ネット投票なぜ実現できない? 海外では導入事例も、国内では不正防止対策に高い壁 限定的な活用を期待 参院選18~29歳アンケート

 2022/07/06 08:22
国内では携帯やパソコンを使った投票はまだ実現していない(写真はイメージです)
国内では携帯やパソコンを使った投票はまだ実現していない(写真はイメージです)
 南日本新聞社が衆院選に関して県内の若者(18〜29歳)を対象に行ったアンケートには「なぜネット投票ができないのか」「スマートフォンから投票できると便利」「投票所に行くのが面倒」などの声が多く寄せられた。デジタル世代の疑問を調べると、ネット投票実施に向けての動きはあるが、不正防止の観点やシステムの安全性確保など実現には高い壁があるようだ。

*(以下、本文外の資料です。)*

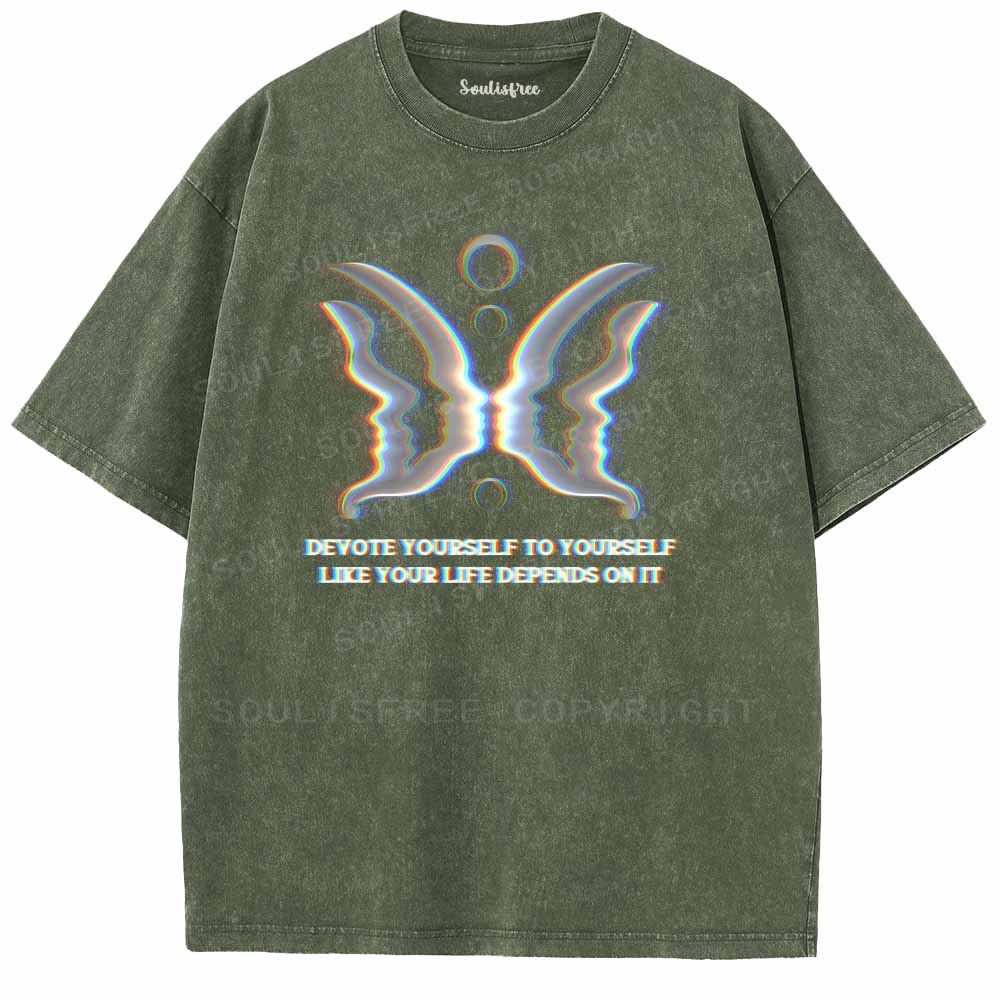 Soulisfree DEVOTE YOURSELF TO YOURSELF LIKE YOUR LIFE DEPENDS ON IT  Washed Tee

 若者の投票率向上を目指して活動する「選挙コンシェルジュ鹿児島」のメンバーは、ネット投票をどう考えているのだろうか。

 鹿児島大学3年の山崎彩夏さん(20)は普段から会員制交流サイト(SNS)を利用しており「スマホは生活に欠かせない。若者は何をするにもスマホから。ネット投票ができると、若者の投票率は上がると思う」と期待する。ただ「不正な票が増えるのではないか」との懸念もぬぐえない。

 志學館大学4年の浜崎祐之さん(24)は「いたずら投票が増えそう。手軽さの余り一票の重みが薄れるのでは」と導入には慎重な考えだ。

 海外では、バルト3国のエストニアが2005年の地方選挙でネット投票を導入。IDカードで本人確認を行い、現在では国政選挙でも実施している。

 国内でも導入論議は以前からあった。総務省は20年、海外に住む有権者がスマホやパソコンから投票できる環境を整備しようと、マイナンバーを活用した実証実験を実施。早期の導入を目指していたが、なりすまし、情報改ざんといった不正防止や、膨大なデータを扱う集票システム構築などの問題があり、検討を続けている。

 志學館大学の原清一教授(政治学)は「実現は公正性をどう担保するかが鍵」と話す。ネット投票では民主主義の原則である「秘密投票」の確保が脅かされる可能性がある、と指摘。「特定の政党の支持者が有権者を集め、目の前で投票させるなどの行為が容易にできてしまう」と課題を挙げる。

 一方、投票の権利を行使できない人のための限定的な活用は有効とする。「新型コロナの療養や障害などで投票所に行けない人は多い。全ての有権者の権利を保障するという意味ではネット投票に期待がかかる」と話した。